Flux#: In the strict physical sense, energy per unit time per unit area (\(\text{W/m}^2\)). In spectroscopy, “flux” is often used informally to refer to flux density or simply to the dependent variable (brightness) of a spectrum. The specutils Spectrum class uses flux as the attribute name for the spectral data values.
Flux Calibration#: The process of converting spectral data from instrumental units (counts, ADU, electrons) to physical flux density units (e.g., \(\text{erg/s/cm}^2\text{/\AA}\) or \(\text{W/m}^2\text{/nm}\)). Flux calibration requires observations of standard stars with known spectra and corrections for atmospheric extinction.
Flux Density#: Flux per unit wavelength or frequency interval, the standard physical quantity for spectroscopic measurements. Common units include \(\text{erg/s/cm}^2\text{/\AA}\), \(\text{W/m}^2\text{/nm}\), and Jy (jansky). See also flux.
FWHM#: Full Width at Half Maximum. A measure of the width of a peak or line profile, defined as the width at which the intensity drops (for emission lines) or rises (for absorption lines) to half its extreme value relative to the local continuum. FWHM is commonly used to characterize spectral resolution and the spatial profile of sources.
Gaussian Profile#: A bell-shaped curve (normal distribution) often used to model spectral lines and spatial profiles. In trace fitting, fitting a Gaussian to the cross-dispersion profile is one method for determining the trace position.
GWCS#: Generalized World Coordinate System. A Python package providing a framework for coordinate transformations, including non-linear mappings. In specreduce, GWCS is used to represent wavelength solutions produced by wavelength calibration.

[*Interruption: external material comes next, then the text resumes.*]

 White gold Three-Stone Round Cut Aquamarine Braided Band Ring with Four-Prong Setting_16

Heliocentric Correction#: A velocity correction that accounts for Earth’s motion relative to the Sun. Applying heliocentric correction converts observed wavelengths to the reference frame where the Sun is at rest. See also barycentric correction, which provides higher precision.

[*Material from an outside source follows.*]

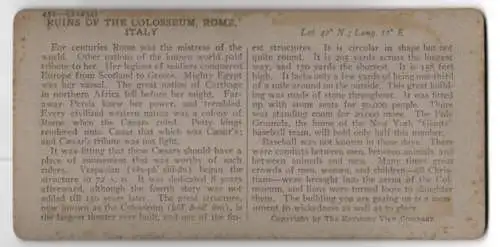 Stereo-Fotografie Keystone View Co., Meadville, Ansicht Rome, Ruines of the Colosseum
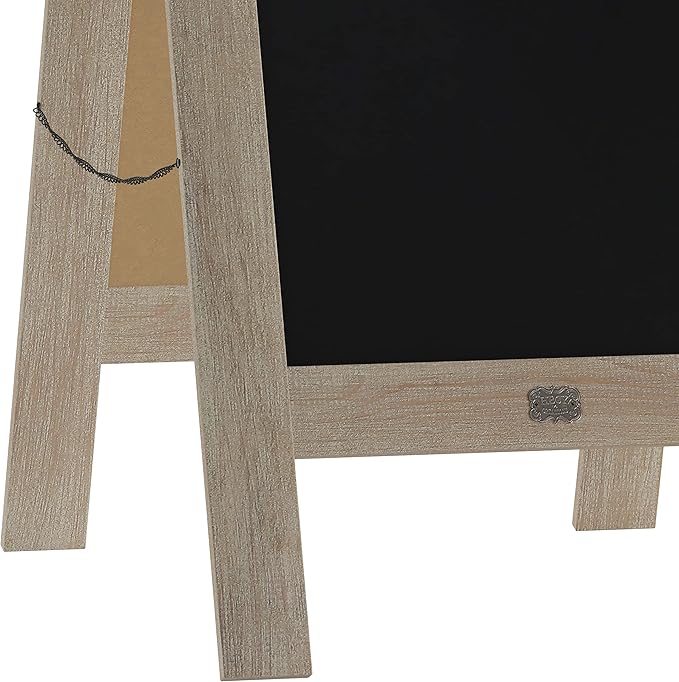 A Frame Chalkboard by HBCY Creations: 40x20 Solid Wood A-Frame Sign Light Wash Double-Sided Magnetic Board, Chalkboard Menu Board, for Restaurants, Cafés, Weddings - Heavy Duty Hinges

IFU#: Integral Field Unit. An instrument or observing mode that obtains spectra simultaneously over a contiguous two-dimensional field of view, producing a data cube. IFUs use techniques such as fiber bundles, image slicers, or lenslet arrays to sample the field. Also called integral field spectroscopy (IFS).
Interpolated Profile#: In optimal extraction, an empirical spatial profile constructed by sampling the actual profile at multiple wavelength bins and interpolating between them. This accounts for wavelength-dependent variations in the profile shape. In specreduce’s HorneExtract, this is enabled with the interpolated_profile option.
Inverse Variance Weighting#: A statistical method for combining measurements that weights each value by the inverse of its variance (\(1/\sigma^2\)), giving more weight to higher-precision measurements. Inverse variance weighting is used in optimal extraction to maximize signal-to-noise ratio.
Line Matching#: The process of associating detected emission lines in an arc spectrum with known wavelengths from catalog lines. Line matching is a key step in wavelength calibration, establishing the correspondence between pixel positions and wavelengths.
Long-Slit Spectroscopy#: A spectroscopic observing technique using an elongated slit (typically a few arcseconds wide and tens of arcseconds to arcminutes long) to obtain spectra of extended objects or to capture spatial information along one dimension. The resulting 2D spectrum contains spectral information along one axis and spatial information along the other.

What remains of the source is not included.